# What breed is my 3 week old chick?



## BoundlessLove (Apr 24, 2017)

Trying to determine what breed he/she is, We've
always had Leghorns, but this chick is definitely
not a Leghorn. He/she has all white feathers, but
has green legs and feet. Single small comb. No 
muffs or beard. It's very friendly. Our other WL 
chicks have bullied and pecked it. We've separated 
him/her until heals. Any guesses on breed or sex
would be welcome. Thank you.


----------



## robin416 (Sep 8, 2013)

I have no clue what breed. Someone else may be able to give you some ideas.

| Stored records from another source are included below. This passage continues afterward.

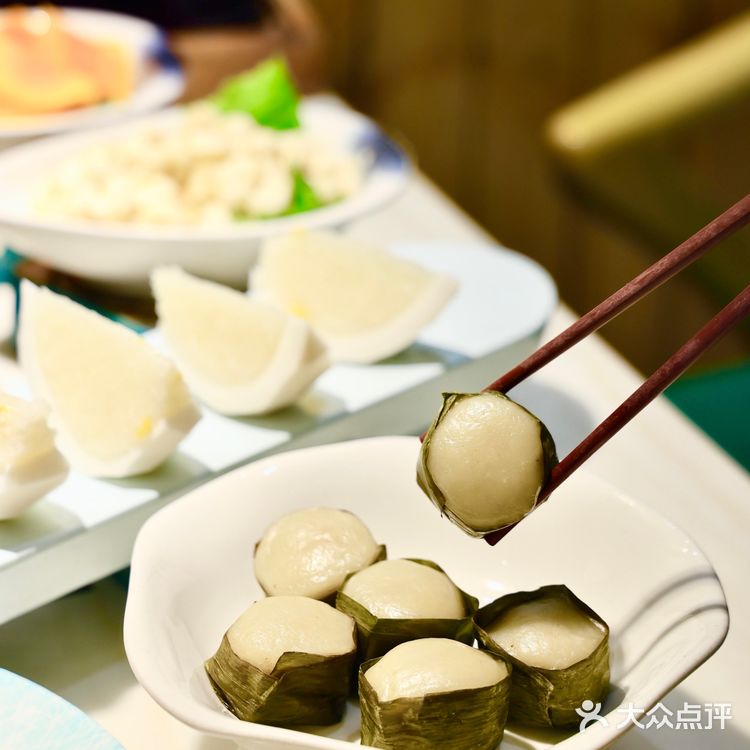 成毅没骗我!海口这家老店不错!新年发财🧨
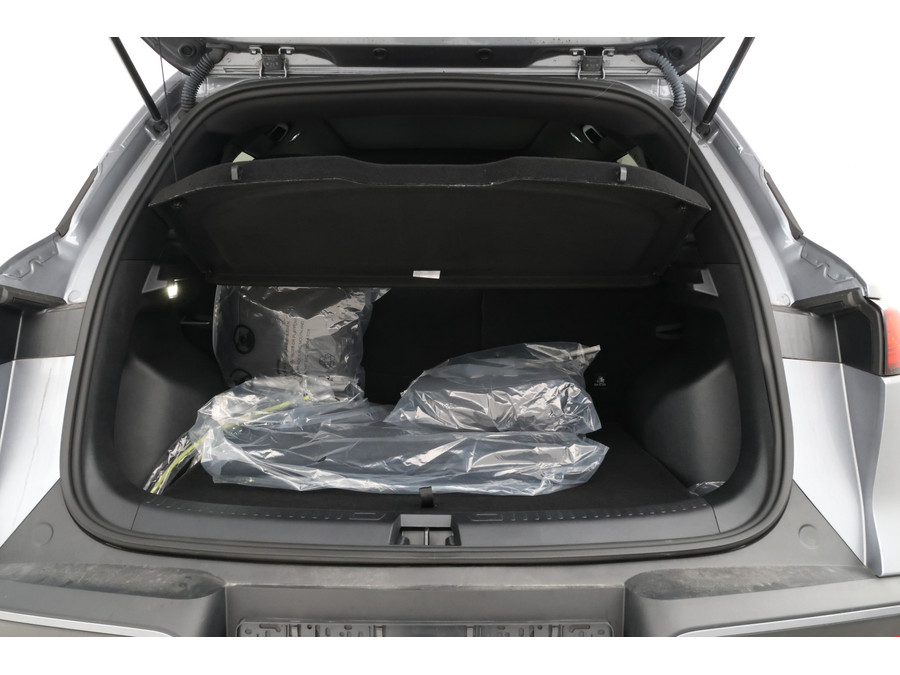 BYD ATTO 2 1.5 DM-i Boost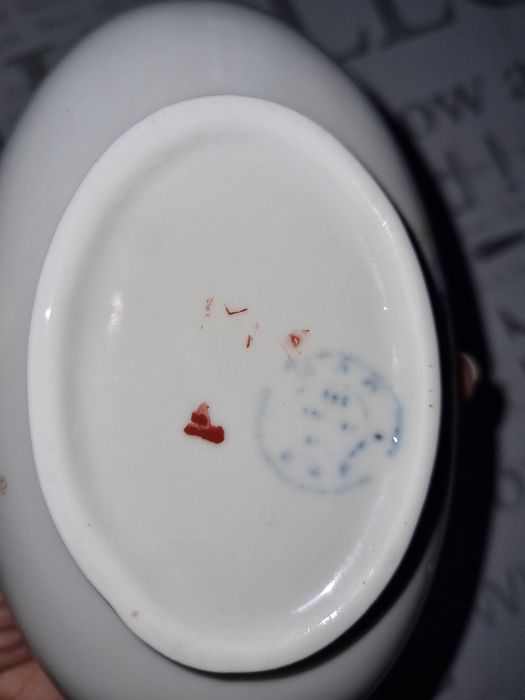 Сосиери керамични два броя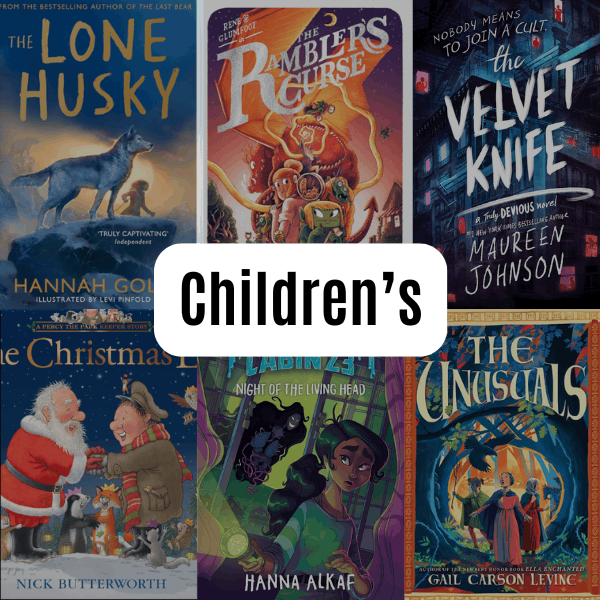 Genre - Children's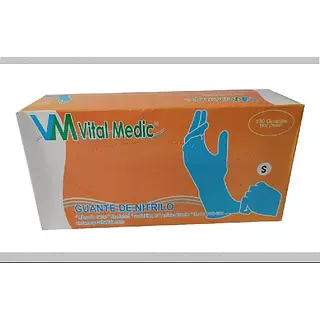 Guantes Vital Medic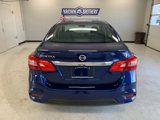 Used 2019 Nissan Sentra S image 5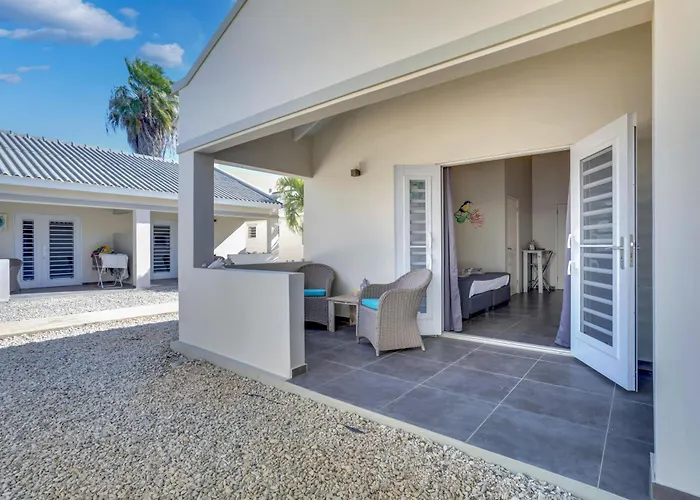 All Seasons By Boutique Bonaire Unique Resorts Kralendijk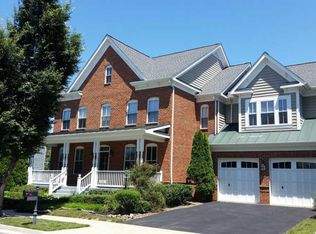 10909 Crider Ct, Bristow, VA 20136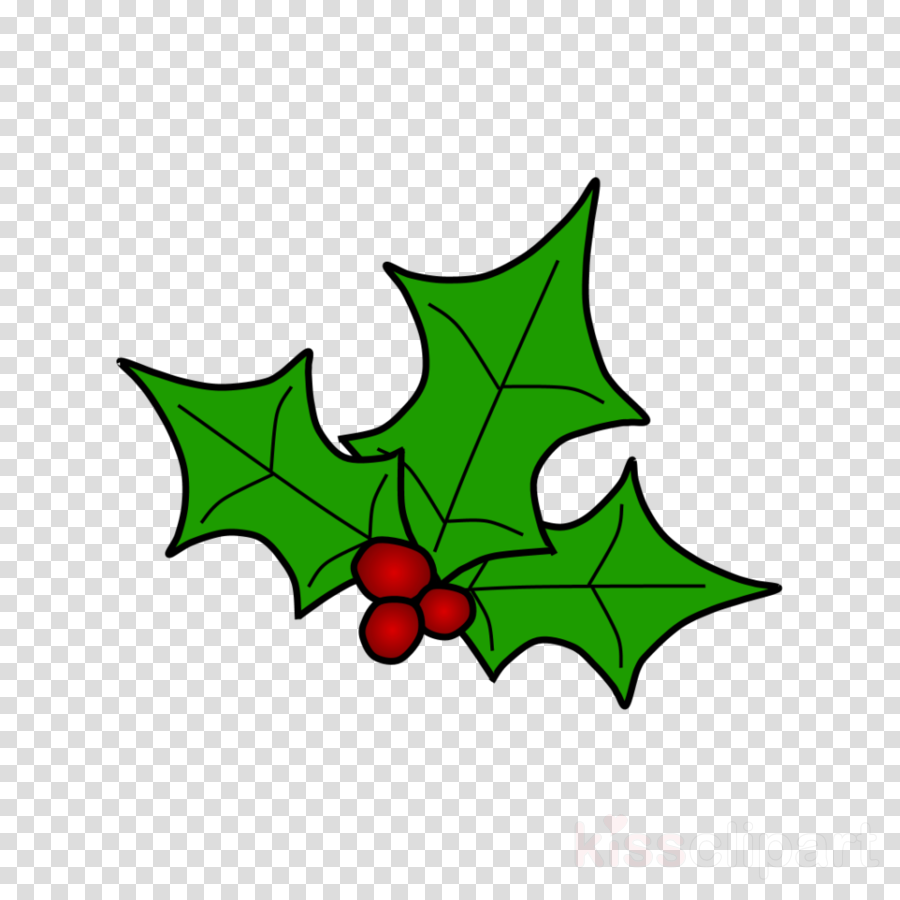 clipart of holly leaves 10 free Cliparts Download images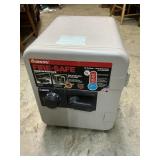 SENTRY FIRE SAFE MODEL 1250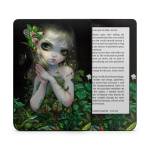Green Goddess Kobo Clara 2E Skin
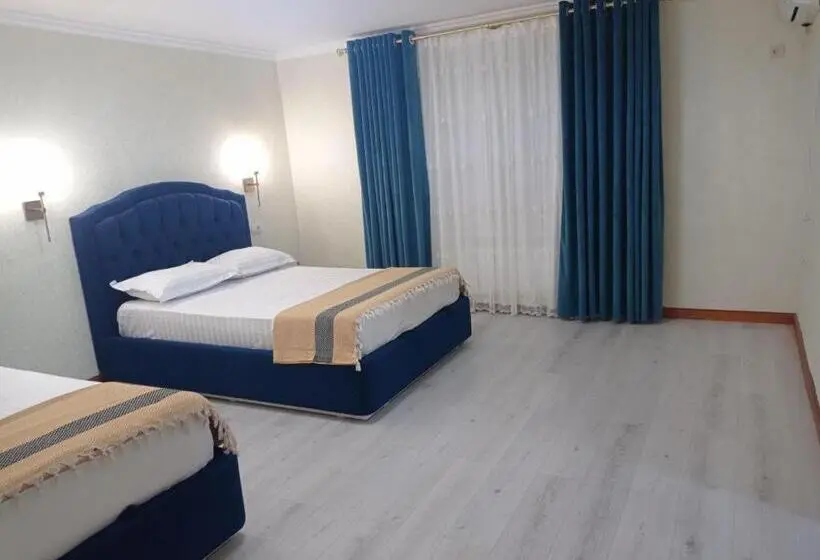 Deluxe-huone, Comfortable Home Stay
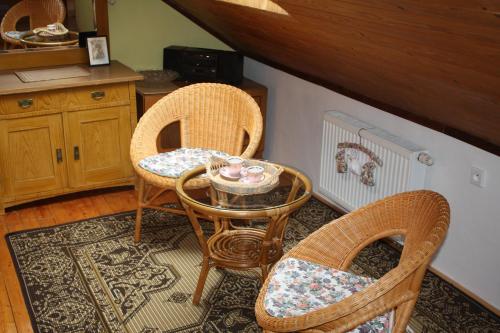 Apartment Benci — Jindrichuv Hradec — photo 4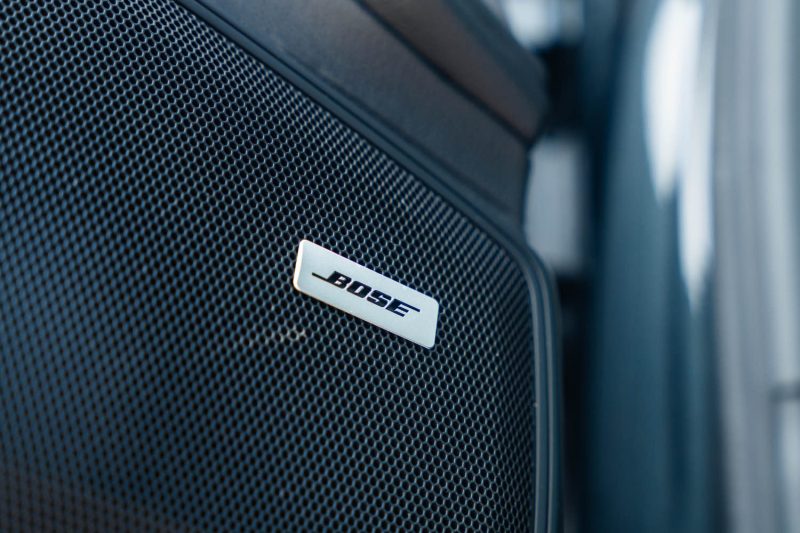 PORSCHE PANAMERA 4 SPORT TURISMO / PANO / BOSE 
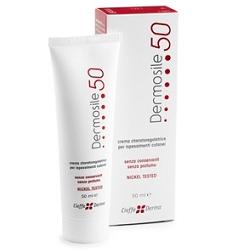 DERMOSILE 50 CREMA 50 G - Farmacia De Pasquale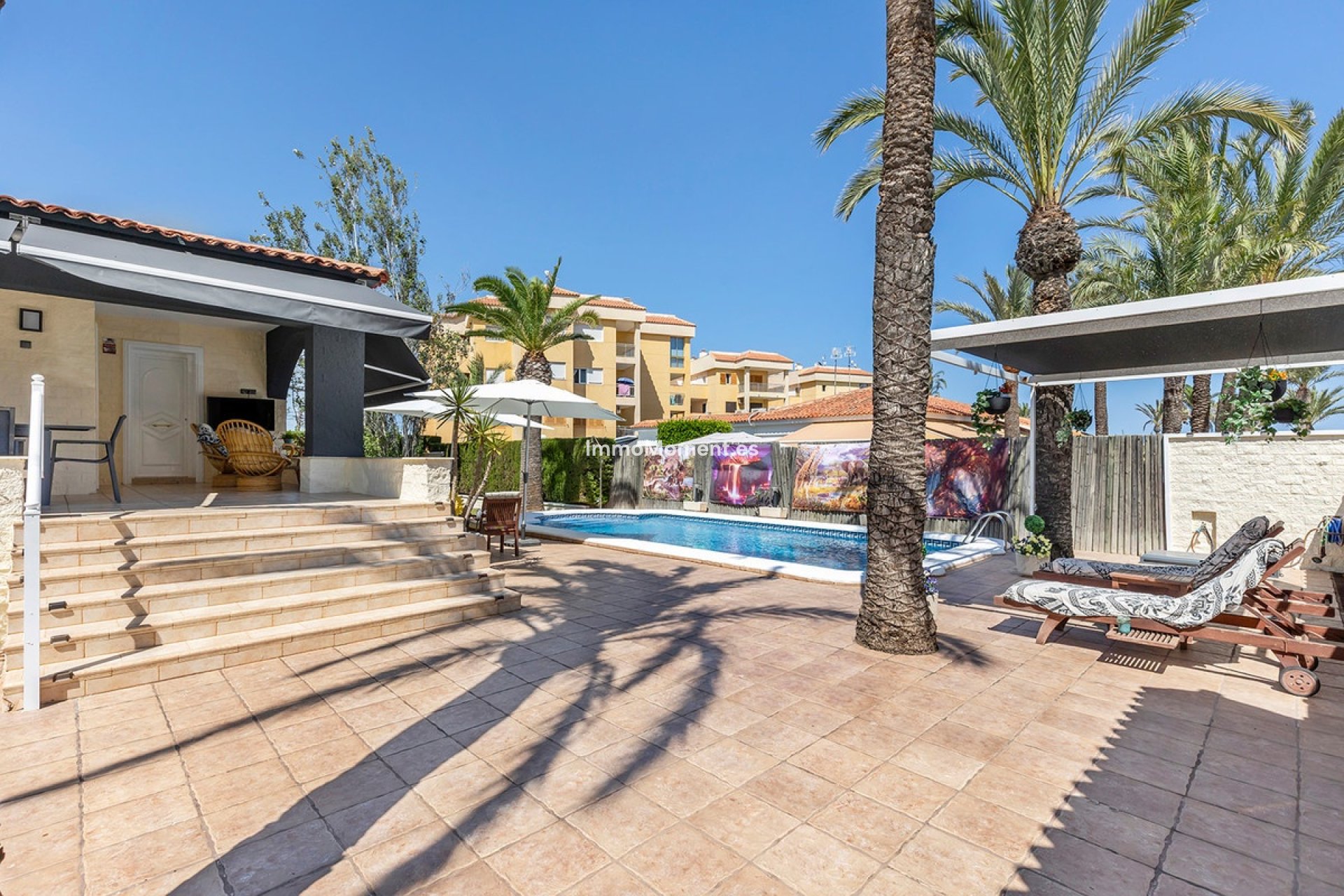 Revente - Villa individuelle - Orihuela - Rocio del Mar
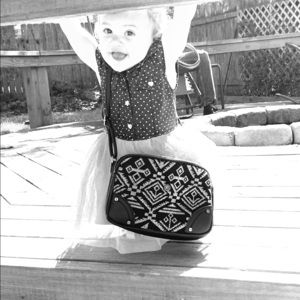 Meet your Posher, Seneca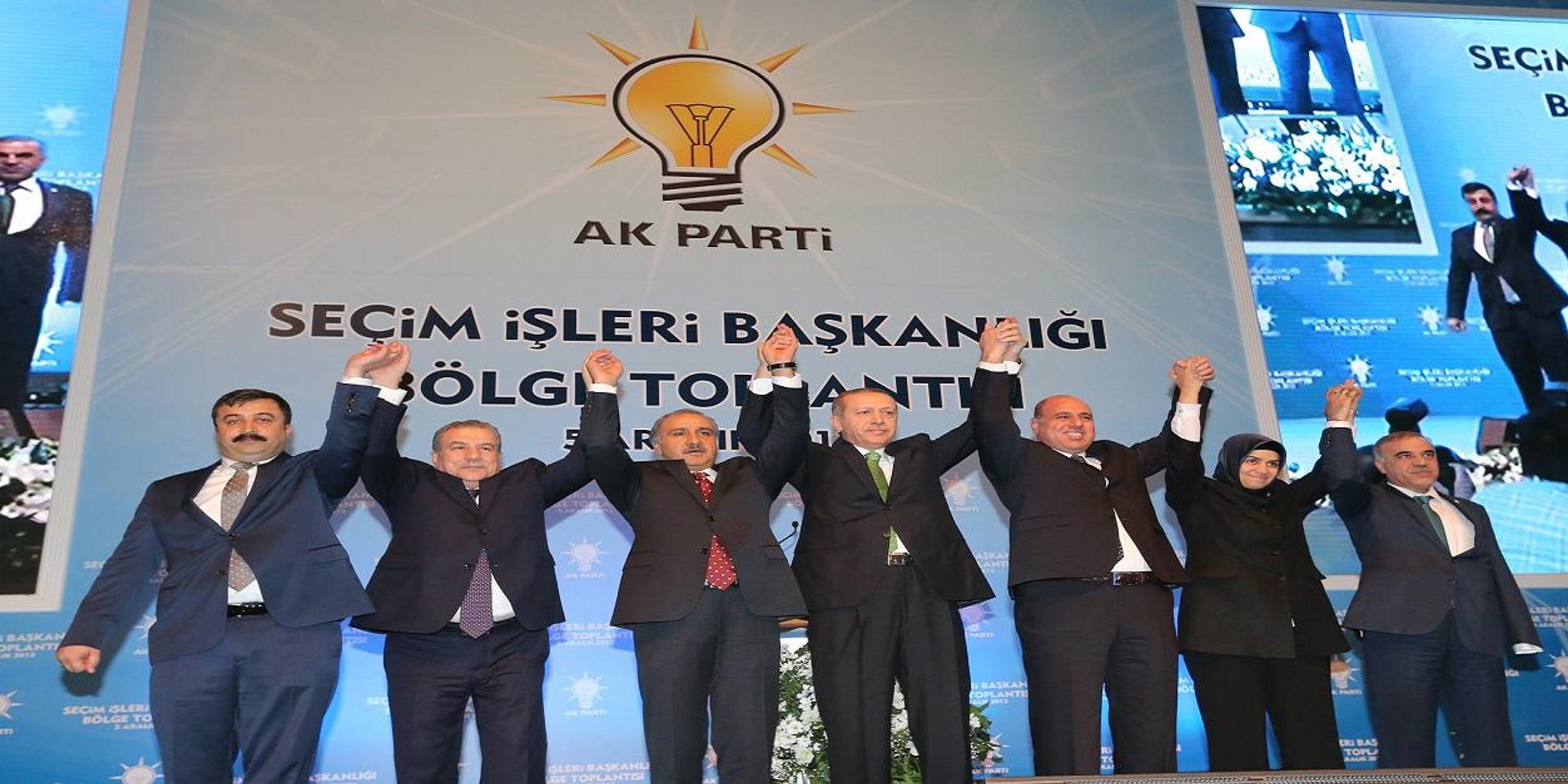 Muammer GÜLER banner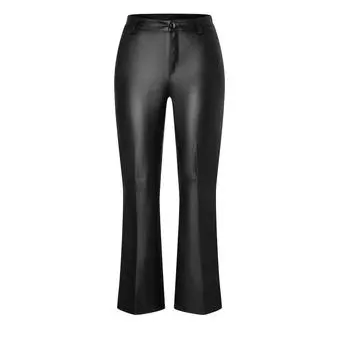 Брюки MAC Hose, черный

What I wouldn't do is separate the peep completely from everyone. Try to match it up with one or two others so that it's not alone and has buddies for when they are reintroduced. By removing it it will be even more of a target when you try to put it back later because it is not part of the flock.


----------



## chickenqueen (Jan 9, 2016)

Maybe a buff rock or buff orpington?


----------



## seminole wind (Aug 22, 2015)

How cute!!!


----------



## BoundlessLove (Apr 24, 2017)

Thank you all! We tried putting him/her back
in with the others yesterday, and had no 
pecking or bullying! Yay!!! We're using an XL dog
kennel cage with cardboard around the 
outsides bottom area. We tried putting it back
with them four days ago, but those WL chicks 
were still pecking it. Was this because it is
a different breed than the WL? Why would they
bully it? It is such a sweet, friendly, and docile 
bird. Nothing like our WL chicks which are skittish. 
Wow, a buff color would be awesome! We'd know
her brown egg from the other 14 chickens' white 
eggs.


----------



## BoundlessLove (Apr 24, 2017)

Thank you all! We tried putting him/her back
in with the others yesterday, and had no 
pecking or bullying! Yay!!! We're using an XL dog
kennel cage with cardboard around the 
outsides bottom area. We tried putting it back
with them four days ago, but those WL chicks 
were still pecking it. Was this because it is
a different breed than the WL? Why would they
bully it? It is such a sweet, friendly, and docile 
bird. Nothing like our WL chicks which are skittish. 
Wow, a buff color would be awesome! We'd know
her brown egg from the other 14 chickens' white 
eggs.


----------



## BoundlessLove (Apr 24, 2017)

Our kids with 2 of our older girls!


----------



## nannypattyrn (Aug 23, 2015)

Cute pictures, cute kiddos and chicks!!


----------



## chickenqueen (Jan 9, 2016)

I love seeing children with the chickens.Neither of my children shared my love of chickens,too bad for them.


----------



## BoundlessLove (Apr 24, 2017)

Here are our new WL chicks. Ugh! 2 of them are 
looking like cockerels. There combs are bigger 
and already showing pink. Check out this picture.


----------



## BoundlessLove (Apr 24, 2017)

Here are few more pictures. Boy they sure 
are looking like boys to me.


----------



## nannypattyrn (Aug 23, 2015)

Just my opinion, but I think their combs would be redder for boys...


----------



## chickenqueen (Jan 9, 2016)

I don't think the single combs are boys.I think they are pullets.


----------



## BoundlessLove (Apr 24, 2017)

New picture of our mystery chick.


----------



## BoundlessLove (Apr 24, 2017)

Both of the chicks in question are indeed cockerels.
One of our other supposed pullets is also a cockerel.
Bought ten from WL "pullets" bin at TS, and 3/10
are boys. Considering keeping one of them. 
Although, we've been told WL Roos are extremely aggressive.
We've put an ad up at TS - Free WL cockerels, so 
maybe we can find them a good home.


----------



## chickenlover11668 (May 9, 2017)

White leghorn?


----------



## dawg53 (Aug 25, 2015)

chickenlover11668 said:


> White leghorn?


Yes............


----------



## BoundlessLove (Apr 24, 2017)

Finally! She's got all her feathering and the tips
of her tail and wings are a very light brown. She is
an Amber White. No wonder she is so friendly!


----------



## chickenqueen (Jan 9, 2016)

Roosters can be big babies.After their "teenage" phase(about 9 mos)they can really settle down.My boys are just as important as the girls,if not more important because there are only 2 of them and 27 hens.My flock wouldn't be complete without them.


----------